Без грима - страница 28
К удивлению своему он заметил, что Марина совершенно не тяготилась перед ним своей малообразованной и пьющей семьей. С неподдельным интересом она ворковала о чем-то с мамашей и братьями, и казалась при этом вполне счастливой. По его разумению, знакомить мужа с такими родичами было не только неразумным, но и откровенно опасным, его же Марина все дни, проведенные в Пензе, вела себя как ни в чем не бывало и даже предложила ему задержатся здесь еще на пару дней, чего он, разумеется, не допустил.
Но даже знакомство с Марининой семейкой не вселило в него отчаяния по поводу собственной семейной жизни. Поездка в Пензу показалась ему даже пикантной – веселый аттракцион, да и только. Свою жену с этими алкашами он не отождествил, и его отношение к ней после их возвращения домой не изменилась. Он просто поклялся себе не сопровождать больше Марину во время ее визитов к родственникам. Второй такой опыт казался ему совершенно излишним. Вернувшись домой, он, по-прежнему отмечал, что находится в прекрасном расположении духа – его семейная жизнь не оставляла желать лучшего…
Глава 9
Доктора приступили к пересадкам кожи – каждая из них стала для него следующим кругом ада. Ему сделали их уже четыре, и, по прогнозам Якова Карловича, требовалось еще столько же. Чего стоили ему эти операции, знал только он один. Для того чтобы закрыть обожженное лицо, нужны были все новые живые ткани, которые доктора брали с его тела. Донорские участки, лишившиеся покровов, мучительно саднили и беспокоили его каждую секунду. Он не мог найти себе позы, в которой чувствовал бы себя комфортно, и постоянно вертелся на кровати, ища нового положения для ноющего тела. Больше всего досталось бедрам и ягодицам – задняя поверхность ног превратилась в одну сплошную рану. Начиная затягиваться, обнаженные участки чесались так, что он не спал по нескольку дней подряд. Часто, после очередной бессонной ночи, изнуренный болью, он срывался на Марине и маме, пришедших его навестить. Те молчали, кротко потупившись, и не смели сказать ему что-то в ответ. После этих вспышек гнева он всегда чувствовал себя гадко.
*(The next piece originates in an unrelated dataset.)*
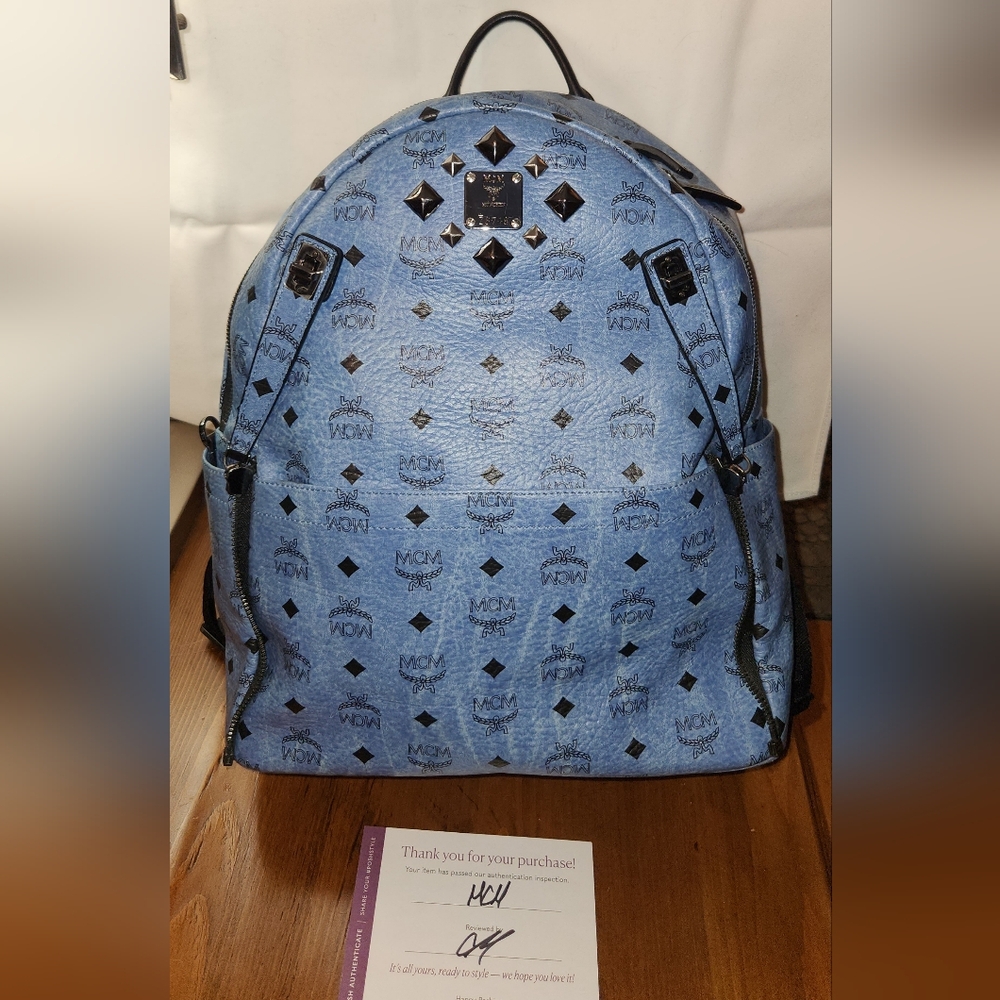 MCM Sky Blue Stark Studded Backpack in Visetos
Едва заживали обнаженные места, как врачи назначали ему следующую операцию. И все повторялось – наркоз, следующая за ним дурнота и слабость, мучительное жжение и боль, сменявшаяся вскоре изнуряющим зудом в растревоженных скальпелем местах. Его собственный организм напоминал ему теперь живую мозаику, состоящую из множества лоскутов кожи, движущихся в хаотичном порядке. Как бы ни складывались эти фрагменты, – для какой-то части тела кожи все равно не хватало. Этот маленький блуждающий лоскуток измучил его. Он стискивал зубы всякий раз, когда ему хотелось закричать во время перевязки, но терпеть становилось все трудней. Теперь, после каждой новой экзекуции, он испытывал не облегчение, а удивление – неужели он снова выдержал это? Иногда он чувствовал себя обессилевшим настолько, что скажи ему, что сегодня он умрет, он только простонал бы в ответ – «скорей бы».
Во время одной из перевязок он добился, наконец, чтобы ему дали зеркало. Оглядев себя, он постарался ничем не выдать своих чувств, но увиденное превзошло самые мрачные его опасения. Он не думал, что все так плохо. Лицо не просто изменилось – оно перестало быть его лицом. Казалось, на него надели грубо сработанную отвратительную маску, – страшную пародию на него самого. Черты лица стали как будто смазанными, расплывчатыми. Вкупе с повсеместными корочками язв, одна из которых оттянула левое веко вниз, это делало его похожим на персонаж из фильма ужасов – зловещего инопланетного пришельца. Губы набухли и вывернулись наружу. Страшнее всего было то, что кое-где под треснувшими струпьями проступали алые пятна живой плоти.